Syarah Aqidah ath –Thahawiyah 97-101
Oleh : Handaris
Sholihin
97 - وَعُلَمَاءُ السَّلَفِ مِنَ السَّابِقِينَ وَمَنْ بَعْدَهُمْ
مِنَ التَّابِعِينَ أَهْلِ الْخَيْرِ وَالْأَثَرِ وَأَهْلِ الْفِقْهِ وَالنَّظَرِ
لَا يُذْكَرُونَ إِلَّا بِالْجَمِيلِ وَمَنْ ذَكَرَهُمْ بِسُوءٍ فهو على غير
السبيل
97.
Para ‘ulama As-Salaf terdahulu [para sahabat}dan yang sesudah mereka dari
kalangan Tabi’in adalah pelaku kebaikan dan ahli hadits, ahli fiqih, dan ahli
ushul. Mereka semuanya harus disebutkan kebaikannya. Barangsiapa yang
menjelek-jelekkan mereka, maka dia tidak berada di atas jalan mereka (para
sahabat).
Para ulama ada dua kelompok :
Kelompok pertama, Ulama Atsar, yaitu para ahlu
hadits yang memeberikan perhatian kepada sunnah Nabi, menghafal ( menjaganya)
dan membelanya, untuk \kemudian mereka sampaikan kepada ummat Rasul. Mereka menjauhkannya
dari setiap unsur yang masuk ke dalamnya dan membersihkannya dari setiap
kebohongan. Mereka menyingkirkan hadits – hadits palsu, menjelaskannya dan
membatasinya agar tidak tersebar luas. Mereka ini dinamakan Ulama Riwayat.
Kelompok kedua, Ulama Fikih. Yaitu para ulama yang
mengeluarkan kesimpulan kesimpulan hukum dari dalil – dalil tersebut,
menjelaskan kandungan fikihnya, dan menjabarkannya serta menjelaskannya kepada
orang bayak. Mereka ini dinamakan Ulama Dirayah.
Dan diantara mereka ada yang menyatukan kedua ilmu
tersebut. Dan mereka di namakan Ahli Fikih Ulama Hadits, seperti Imam Ahmad,
Imam Malik, Imam Asy –Syafi’e, dan Imam Al – Bukhari.

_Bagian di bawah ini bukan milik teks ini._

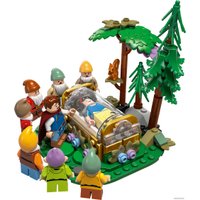 Конструктор LEGO Disney 43242 Домик Белоснежки и семи гномов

Semua ulama itu memiliki keutamaan, dan Nabi memujinya
dan mendo’akan mereka. Dan siapa yang mencela mereka itu, maka dia telah
menantang Allah Ta'ala untuk perang. Bahkan siapa yang mencela dan mencaci kaum
muslimin dan menyakiti mereka, maka kami telah kemukakan, bahwa ini termasuk
diantara dosa – dosa besar.[2]
Dan sebaliknya golongan Syiah tidak menerima riwayat – riwayat Ahlu Sunnah,
mereka mencela Ahlu hadits. Seperti mereka mencela Abu Hurairah yang mereka
katakan bahwa riwayat –riwayat yang datang dari Abu Hurairah penuh dengan
kebohongan. Ini disebutkan dalam salah satu kitab Syiah, bahkan tidak hanya Abu
Hurairah, banyak lagi sahabat – sahabat yang mereka cela dengan dalil taqiyah.[3]
Fikih ada dua bagian :
Bagian pertama : Al- Fiqh al – Akbar, yaitu fikih
Akidah.
Bagian kedua : Fikih Amaliah, yang tidak lebih kecil
urgensinya dari pada Fikih Akidah, yaitu fikih hukum – hukum yang berkaitan
langsung dengan amal.[4]
98 - وَلَا نُفَضِّلُ أَحَدًا مِنَ الْأَوْلِيَاءِ عَلَى أَحَدٍ
مِنَ الْأَنْبِيَاءِ عَلَيْهِمُ السَّلَامُ وَنَقُولُ: نَبِيٌّ وَاحِدٌ أفضل من
جميع الأولياء
98. Kita tidak
mengutamakan salah seorangpun di antara para wali Allah di atas seorang Nabi ‘Alaihi As-Sallam. Bahkan kita
mengatakan bahwa seorang saja dari para Nabi itu lebih utama dibanding seluruh
para wali.
Ibnu Abil 'Iz berkata,[5]
"Dengan perkataan tersebut, Imam Ath Thahawi secara halus membantah
golongan penganut Wihdatul Wujud dan para penganut ajaran tasawuf.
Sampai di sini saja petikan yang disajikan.